What is expected: The expected output is exactly the lines below, starting at the line with "Asian Food Southeast" and ending at the line with "Womens UK Size", both included; no other line belongs in it.

Task input:
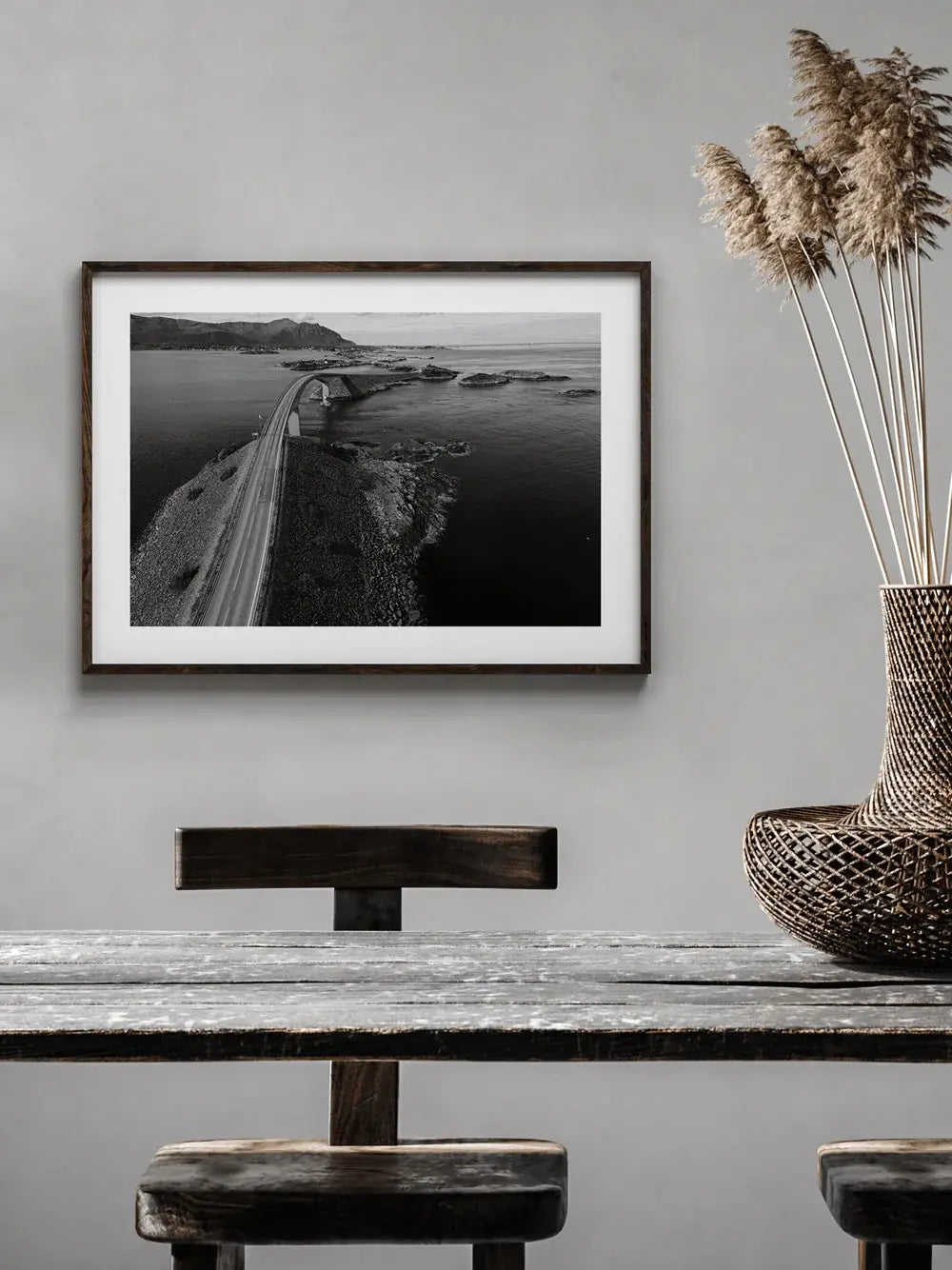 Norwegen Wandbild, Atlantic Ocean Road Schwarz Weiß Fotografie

---

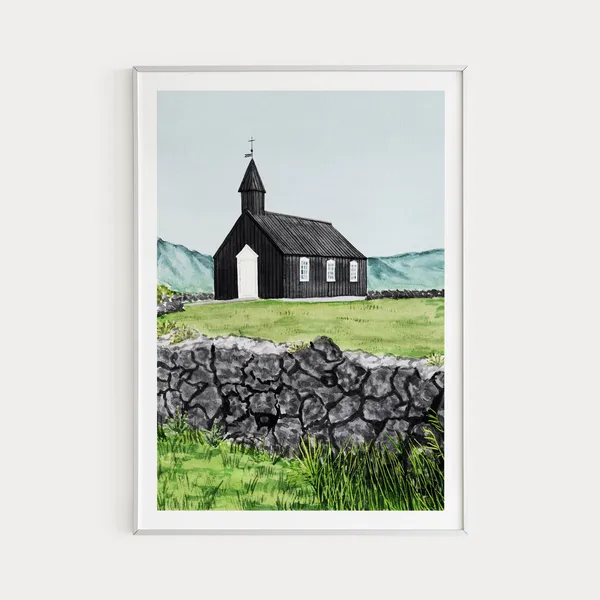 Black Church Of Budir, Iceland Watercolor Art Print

--

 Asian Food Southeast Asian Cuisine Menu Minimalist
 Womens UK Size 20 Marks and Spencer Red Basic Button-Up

Solution to this problem:
 Asian Food Southeast Asian Cuisine Menu Minimalist
 Womens UK Size 20 Marks and Spencer Red Basic Button-Up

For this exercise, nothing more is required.